The most interesting battle for us will be our particular Super Bowl prop bets. But there are so many that it's easy to get overwhelmed.
No worries: I've got you covered.
Click through while we closely examine exactly how I'm going to lose my money. Or the rest of it, as it were.
All bets and odds provided by bovada.lv and are subject to change.
There isn't any drama in a split-screen shot. If they show both Jim and John Harbaugh, they can't drag out the beaten-to-death storyline in successive frames.
Therefore, we need to break this down further. Get down to the nuts and bolts of the matter.
Obviously, Jim is the more famous of the brotherly duo. He played quarterback in the NFL.
John doesn't have the same type of notoriety.
It's that simple.
Somewhere, somehow, we will win some money.
You haven't seen my MVP pick yet, but it isn't Colin Kaepernick. There just isn't enough value there.
But picking the MVP to thank his coach first is a nice hedge against the second-year signal-caller winning.
Think about it. If he wins, wouldn't he want to acknowledge the coach who stuck with him when many were second-guessing Harbaugh for going with the young guy over the established veteran?

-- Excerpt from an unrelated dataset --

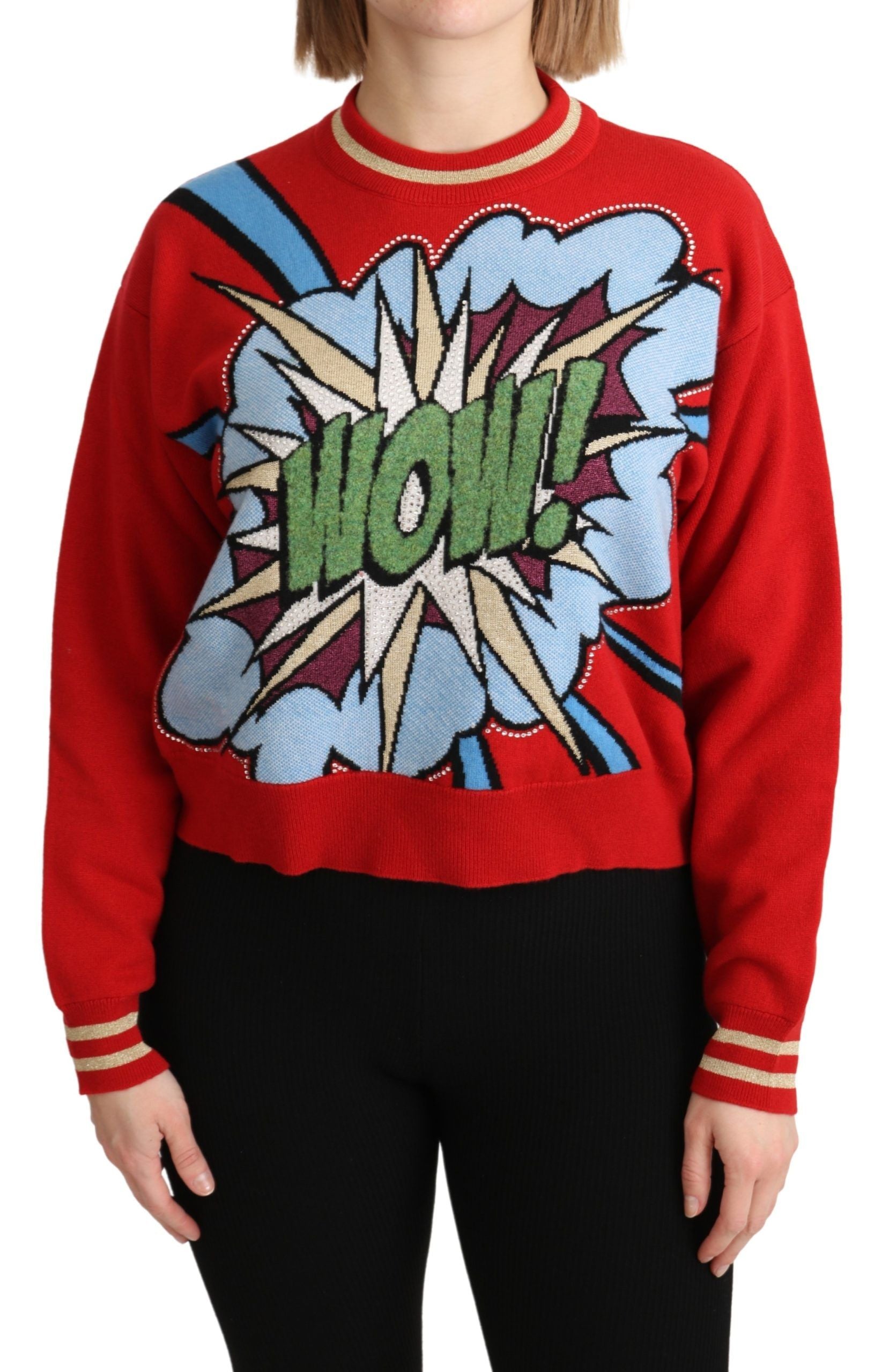 Dolce &amp; Gabbana – Kaschmirpullover in strahlendem Rot mit Cartoon-Motiv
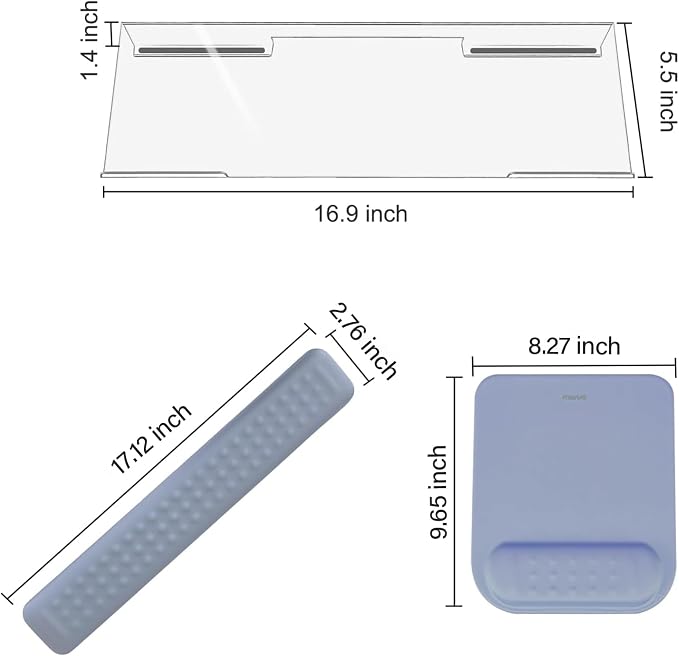 MOSISO Keyboard Stand&Wrist Rest Support for Keyboard &Mouse Pad Set | Ergonomic Massage Wrist Rest Set, Easy Typing Working Acrylic Clear Stand for Office Home, Lavender Gray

Betting on a wide receiver to score a touchdown seems unreliable because there are so many working parts.
The offensive line has to keep the quarterback upright. The quarterback must deliver the ball in a catchable area. And the wide receiver has to make the catch.
However, Anquan Boldin has been on a mission. He's willing himself and this offense to greater heights.
Considering how well the Atlanta Falcons' big receivers fared against San Francisco's cornerbacks, why not take a shot on a guy with three touchdowns this postseason?
The Green Bay Packers kept allowing Colin Kaepernick to tuck the ball and run. It didn't work so well; he ended up with 181 yards rushing.
The Falcons figured out that letting him run was a bad idea. They limited him to just two carries by forcing the handoff on read-option plays.
Why wouldn't the Ravens undertake the same strategy? Wouldn't you take the ball out of the opponent's most electrifying playmaker if you had the chance?
(Did "precisely" work? I figured using "exactly" again was an amateur move.)
Maybe those guys in Vegas do their homework. Joe Flacco averaged 19.37 completions over the regular season and playoffs.
But here's the rub. The San Francisco 49ers are pretty good at that whole stopping-the-run thing. They only gave up 94.2 rushing yards per game during the regular season.
Therefore, the Baltimore Ravens will have to throw the ball to win this one. Or they might have to throw to try and get back in it.
Either way, those two extra completions don't seem that far-fetched.
"Didn't you just get done saying how the Ravens won't be able to run? And now you want me to put money on their running back for MVP?"
Yes. Yes, I do.
At 12-1, a Ray Rice MVP win will pay out much better than a win by Colin Kaepernick (8-5), Joe Flacco (11-4), Frank Gore (7-1) or Ray Lewis (7-1). Besides, it isn't like Rice isn't an elite running back.
And he can catch the ball. If Flacco does unfurl more than 20.5 completions, more than a few of those will come to rest in Rice's hands.
"Yeah, but no running back has won since Terrell Davis. In 1998."
I got it! The position is due!
Regardless of which way you're leaning in regards to your Super Bowl champion, you're likely not picking a blowout. That makes the +135 odds intriguing.
This game has back-and-forth play written all over it. We're talking about two defensively talented teams with some serious mental fortitude. That means that just because a team scores once or twice, the opposing defense isn't going to pack up its pride and scram.
So slap down a couple ducats and start counting those winnings.
We've gone over this: Both teams have outstanding defenses.
Doesn't that seem like a recipe for a scoreless quarter?
Maybe, maybe not. However, we are talking about a +240 bet. That means if you lay 100 on this pick, you'd get 240 back if you won.
To recap, two good defenses and the possibility of winning an extra 140 percent of your original bet. I like it.
If you haven't noticed, I'm feeling a close game. One that will most definitely include a second-half lead change.
If this game goes to halftime with one team having a lead of less than seven points, all it would take is for the opponent to score a touchdown. Considering the quick-strike ability of either team (Kaepernick, Davis, Torrey Smith, etc.), that's bound to happen.
Remember, this score doesn't need to be a last-minute deal. It doesn't even have to happen in the fourth quarter. It just needs to occur in the second half.
I swear this is the last time I'll say this: Both teams have talented (and nasty) defenses.
The 49ers have made a living of stuffing the run and getting to the quarterback.
The Ravens have all sorts of players who walk that fine line between penalty and legal hit. Ask Ed Reed. Or Terrell Suggs.
I'm not calling any of these players dirty; I'm saying that both teams fly around the field looking to knock someone's head off. It sure makes sense that one might take a step over the line.
Still need convincing? Bernard Pollard is a member of the Ravens.